Work instruction:
In the entries that follow, the lines from the line containing "Cata Sıva Üstü" up to and including the line containing "Irmãos Verdades - Tão Apaixonado (1999)" must be copied exactly, with pictures omitted.
Start of Data in this exercise
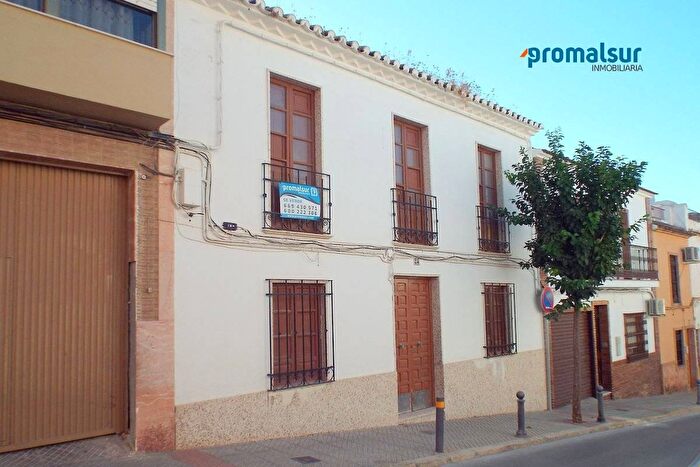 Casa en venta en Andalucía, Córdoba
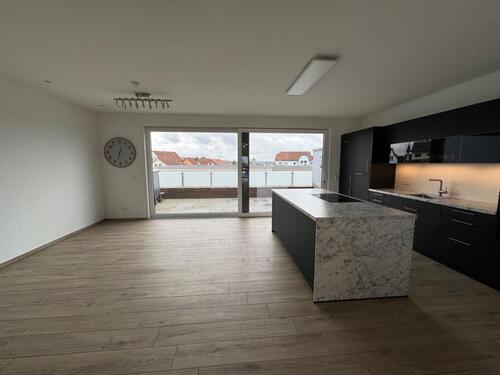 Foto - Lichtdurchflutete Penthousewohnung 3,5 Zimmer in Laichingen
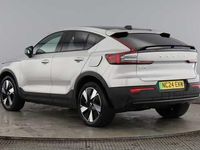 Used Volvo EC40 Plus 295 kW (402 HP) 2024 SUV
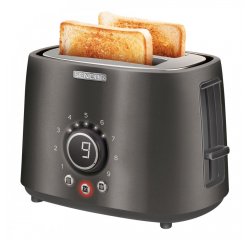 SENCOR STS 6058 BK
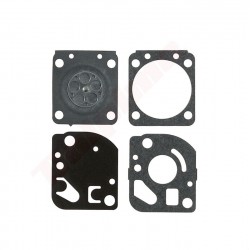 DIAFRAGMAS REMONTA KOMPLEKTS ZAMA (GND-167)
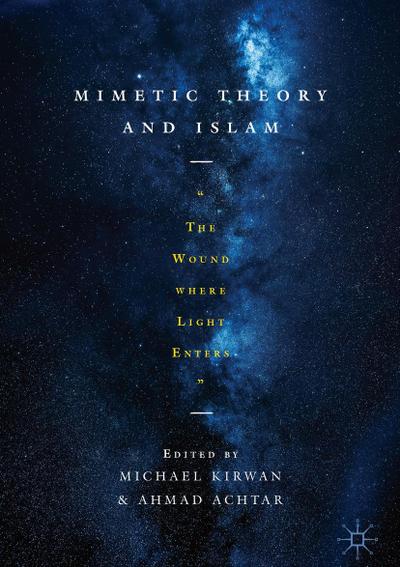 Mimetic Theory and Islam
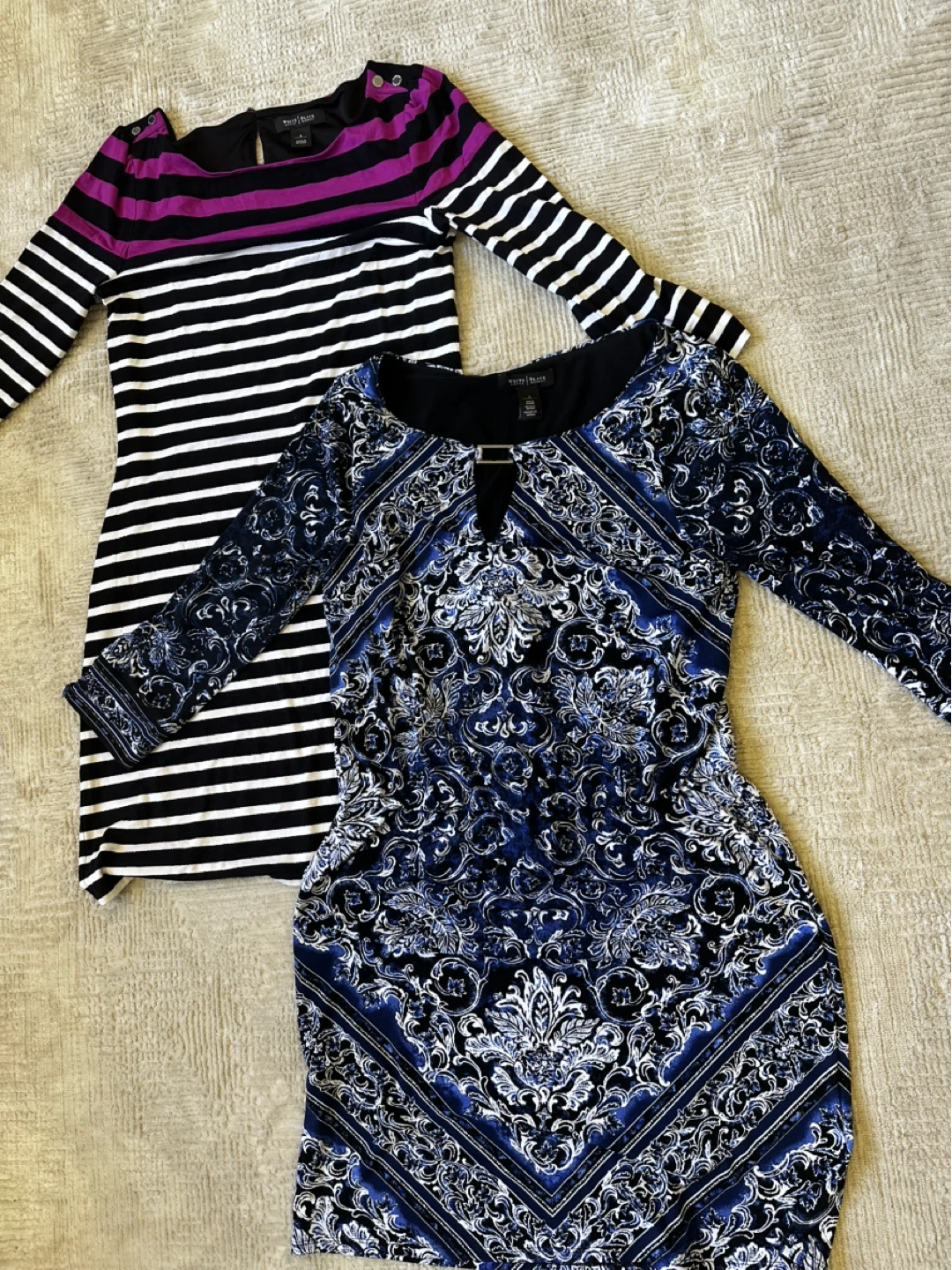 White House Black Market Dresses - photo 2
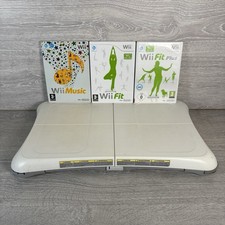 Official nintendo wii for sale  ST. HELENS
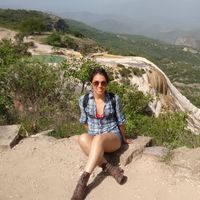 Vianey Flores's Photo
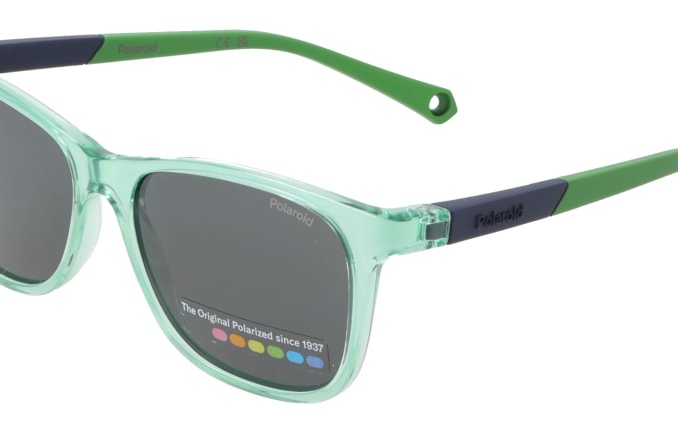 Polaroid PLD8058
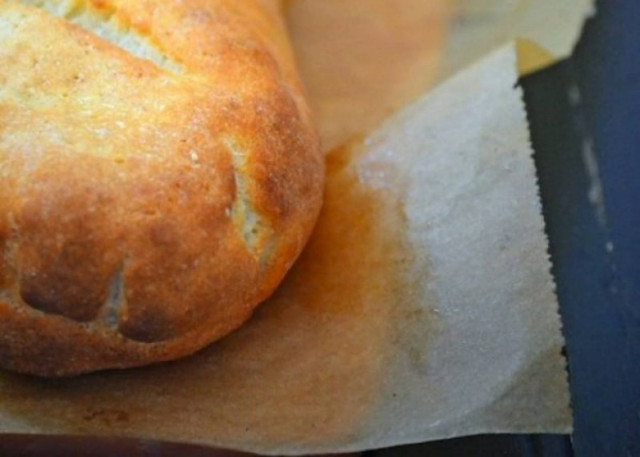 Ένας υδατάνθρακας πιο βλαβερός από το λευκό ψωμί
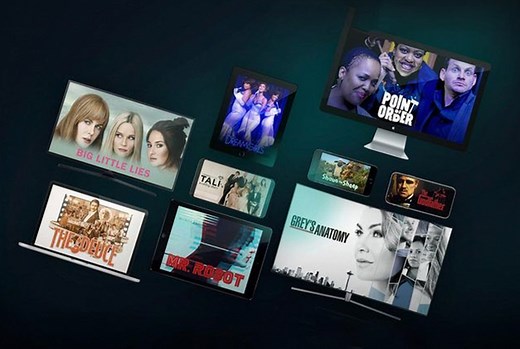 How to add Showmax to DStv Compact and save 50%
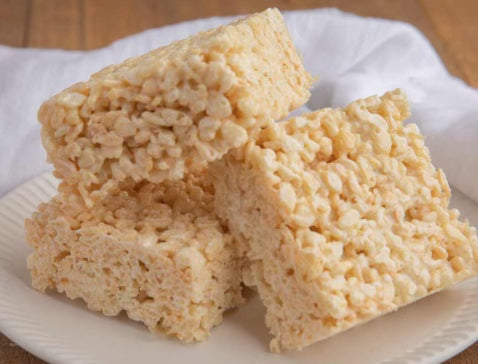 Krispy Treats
End of Data in this exercise
Start of Data in this exercise
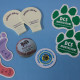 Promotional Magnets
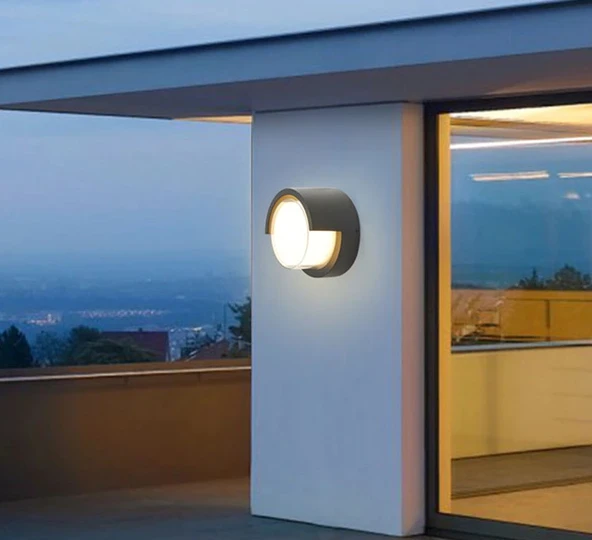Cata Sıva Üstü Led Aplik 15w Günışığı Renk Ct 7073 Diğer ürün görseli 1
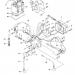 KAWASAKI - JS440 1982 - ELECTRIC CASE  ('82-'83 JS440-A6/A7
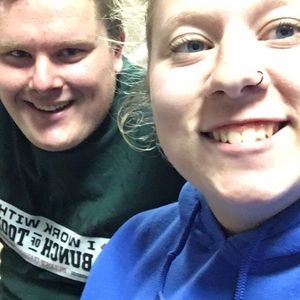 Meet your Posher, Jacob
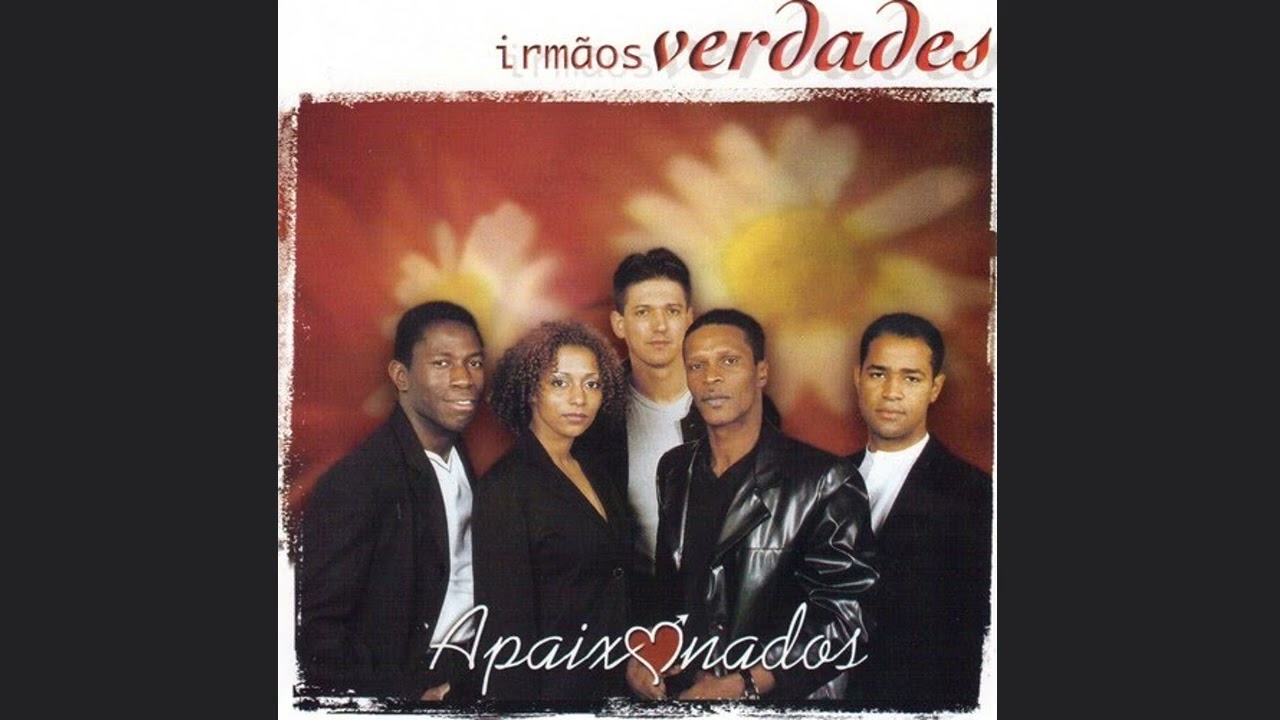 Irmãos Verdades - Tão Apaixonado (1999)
End of Data in this exercise
Start of Data in this exercise
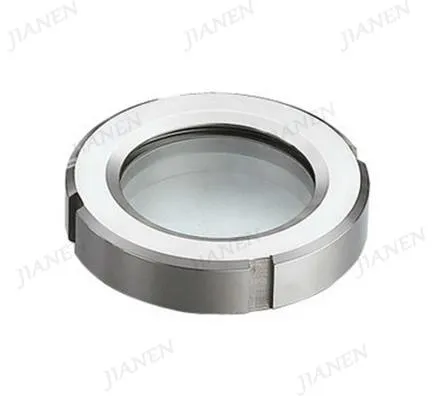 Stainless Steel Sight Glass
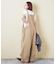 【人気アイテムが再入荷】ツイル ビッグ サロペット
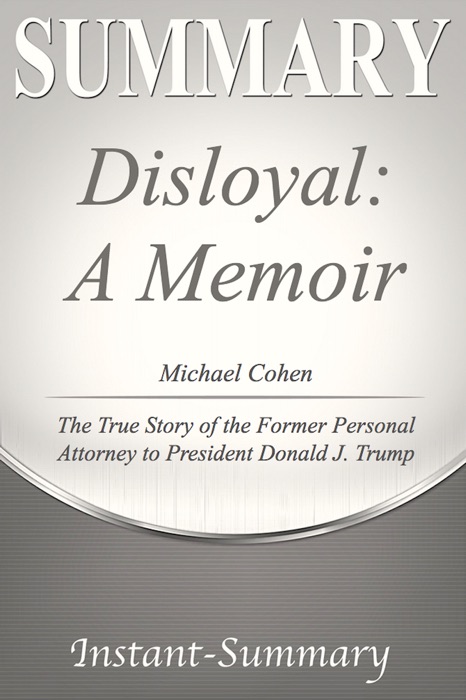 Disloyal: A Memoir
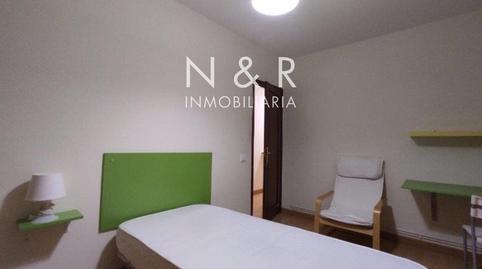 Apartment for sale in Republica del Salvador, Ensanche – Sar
End of Data in this exercise
Task response:
Cata Sıva Üstü Led Aplik 15w Günışığı Renk Ct 7073 Diğer ürün görseli 1
 KAWASAKI - JS440 1982 - ELECTRIC CASE  ('82-'83 JS440-A6/A7
 Meet your Posher, Jacob
 Irmãos Verdades - Tão Apaixonado (1999)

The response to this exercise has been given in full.